Below are several entries. Transcribe exactly those lines that fall from the one with "Next, click on" through the one with "Today we're talking", end lines included.

..............................

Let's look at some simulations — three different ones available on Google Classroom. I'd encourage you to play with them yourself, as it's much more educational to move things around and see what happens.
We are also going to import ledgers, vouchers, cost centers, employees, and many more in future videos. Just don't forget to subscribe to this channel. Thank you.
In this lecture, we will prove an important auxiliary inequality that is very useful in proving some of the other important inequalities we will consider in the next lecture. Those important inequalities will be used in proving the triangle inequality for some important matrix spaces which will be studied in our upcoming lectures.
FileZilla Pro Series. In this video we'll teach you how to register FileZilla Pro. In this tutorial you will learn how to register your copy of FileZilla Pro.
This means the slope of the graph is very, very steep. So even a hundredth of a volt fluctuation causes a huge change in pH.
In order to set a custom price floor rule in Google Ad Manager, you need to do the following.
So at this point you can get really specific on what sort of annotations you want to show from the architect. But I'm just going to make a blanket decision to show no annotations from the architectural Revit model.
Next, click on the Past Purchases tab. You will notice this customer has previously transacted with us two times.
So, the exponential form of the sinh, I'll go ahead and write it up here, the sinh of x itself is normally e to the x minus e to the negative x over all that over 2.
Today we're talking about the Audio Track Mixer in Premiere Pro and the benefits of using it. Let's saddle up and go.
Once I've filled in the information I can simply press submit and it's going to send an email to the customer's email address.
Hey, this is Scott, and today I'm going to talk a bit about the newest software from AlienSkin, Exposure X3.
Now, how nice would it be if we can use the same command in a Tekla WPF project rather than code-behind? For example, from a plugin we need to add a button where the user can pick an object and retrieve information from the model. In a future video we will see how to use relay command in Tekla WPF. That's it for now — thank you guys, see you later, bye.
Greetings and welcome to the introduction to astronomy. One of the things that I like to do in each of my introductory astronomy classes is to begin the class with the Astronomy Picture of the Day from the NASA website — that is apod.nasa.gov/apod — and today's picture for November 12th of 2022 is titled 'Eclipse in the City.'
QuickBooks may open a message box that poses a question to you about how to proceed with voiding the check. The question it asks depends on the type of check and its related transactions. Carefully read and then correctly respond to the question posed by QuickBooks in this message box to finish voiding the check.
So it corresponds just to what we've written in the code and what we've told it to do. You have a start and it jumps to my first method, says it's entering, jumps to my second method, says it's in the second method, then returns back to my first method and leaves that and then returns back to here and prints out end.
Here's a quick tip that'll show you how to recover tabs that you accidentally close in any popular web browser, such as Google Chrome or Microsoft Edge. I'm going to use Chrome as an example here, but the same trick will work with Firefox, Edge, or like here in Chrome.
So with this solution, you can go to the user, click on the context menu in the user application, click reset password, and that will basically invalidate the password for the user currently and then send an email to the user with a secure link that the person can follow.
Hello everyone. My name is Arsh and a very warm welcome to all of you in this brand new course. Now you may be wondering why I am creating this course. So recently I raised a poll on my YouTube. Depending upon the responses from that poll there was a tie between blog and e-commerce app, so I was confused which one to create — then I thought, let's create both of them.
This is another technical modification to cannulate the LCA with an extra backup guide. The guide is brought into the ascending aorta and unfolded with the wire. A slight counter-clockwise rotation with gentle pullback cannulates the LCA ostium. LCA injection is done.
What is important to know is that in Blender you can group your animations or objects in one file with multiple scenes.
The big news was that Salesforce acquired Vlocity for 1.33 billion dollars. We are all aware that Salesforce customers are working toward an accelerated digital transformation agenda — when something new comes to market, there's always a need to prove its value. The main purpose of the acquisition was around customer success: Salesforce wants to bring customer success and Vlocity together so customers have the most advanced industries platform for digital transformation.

..............................

--- Your response ---
Next, click on the Past Purchases tab. You will notice this customer has previously transacted with us two times.
So, the exponential form of the sinh, I'll go ahead and write it up here, the sinh of x itself is normally e to the x minus e to the negative x over all that over 2.
Today we're talking about the Audio Track Mixer in Premiere Pro and the benefits of using it. Let's saddle up and go.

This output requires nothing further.